◆ Input
+===+

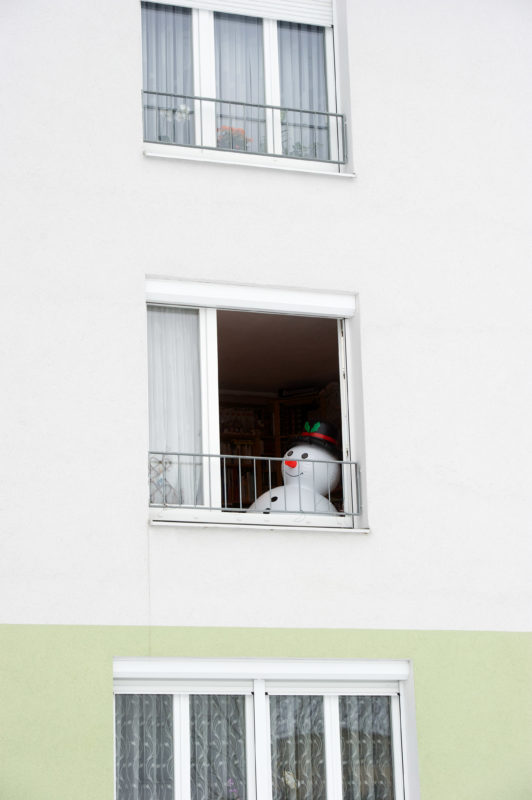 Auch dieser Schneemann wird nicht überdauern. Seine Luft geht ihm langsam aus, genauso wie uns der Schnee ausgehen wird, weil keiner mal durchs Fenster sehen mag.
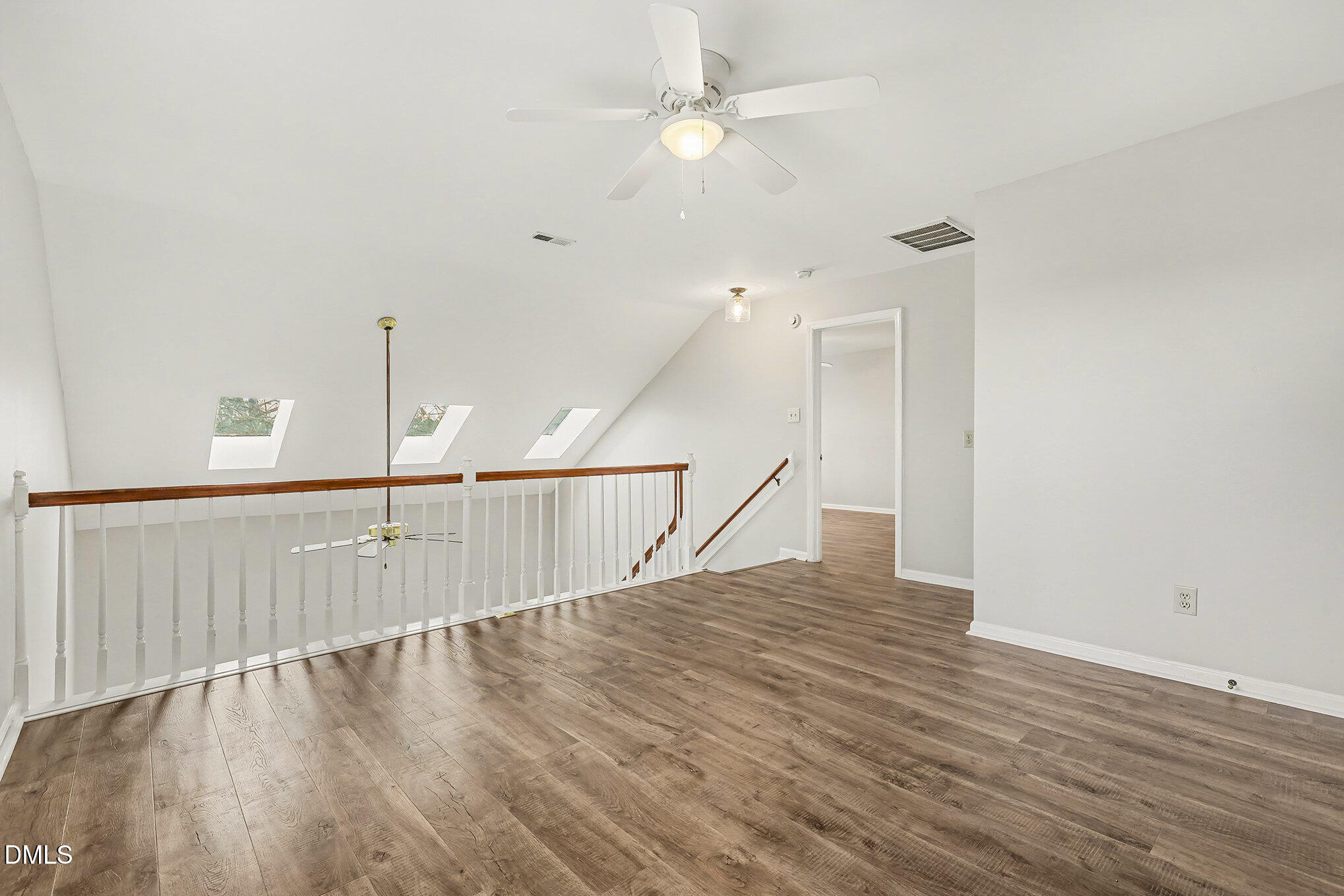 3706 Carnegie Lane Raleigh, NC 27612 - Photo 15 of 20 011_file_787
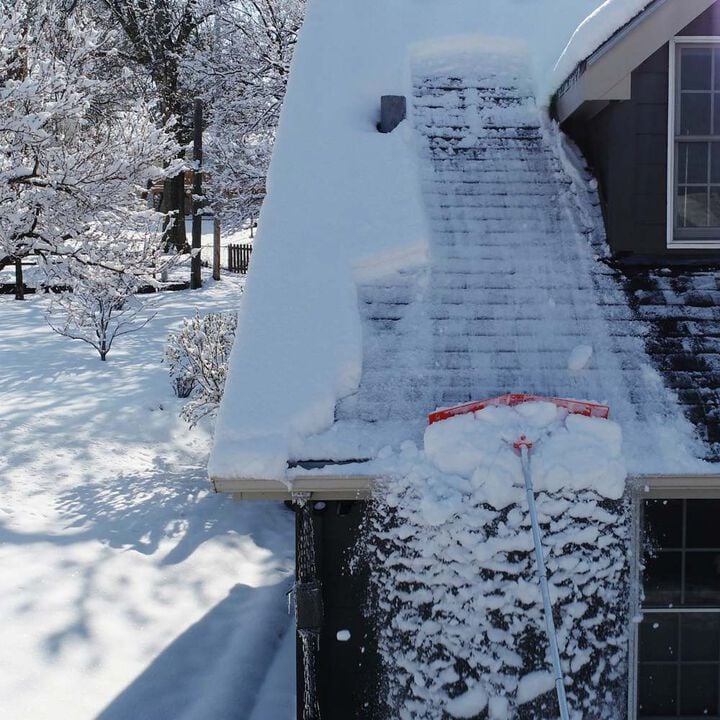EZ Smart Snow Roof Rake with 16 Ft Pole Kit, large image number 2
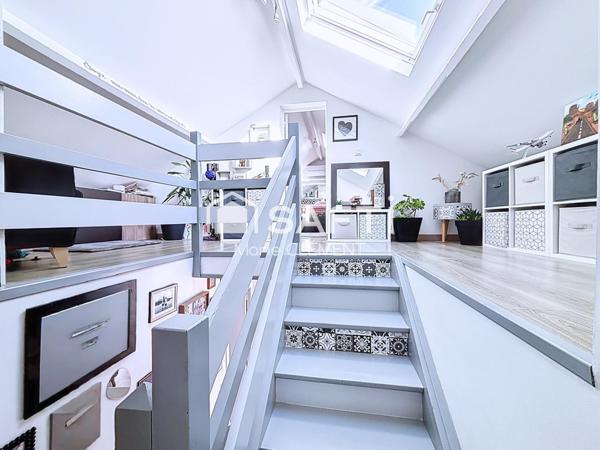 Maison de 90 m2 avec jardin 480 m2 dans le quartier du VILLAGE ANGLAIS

+===+

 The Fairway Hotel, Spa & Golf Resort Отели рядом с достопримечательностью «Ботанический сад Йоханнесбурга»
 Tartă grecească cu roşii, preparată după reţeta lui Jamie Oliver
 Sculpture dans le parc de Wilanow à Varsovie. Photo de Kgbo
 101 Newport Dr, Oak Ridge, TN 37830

+===+

◆ Required work
What's needed is an exact copy of the lines above from the one with "3706 Carnegie Lane" through the one with "Maison de 90", both included; the pictures stay out.

◆ Answer to this exercise
 3706 Carnegie Lane Raleigh, NC 27612 - Photo 15 of 20 011_file_787
EZ Smart Snow Roof Rake with 16 Ft Pole Kit, large image number 2
 Maison de 90 m2 avec jardin 480 m2 dans le quartier du VILLAGE ANGLAIS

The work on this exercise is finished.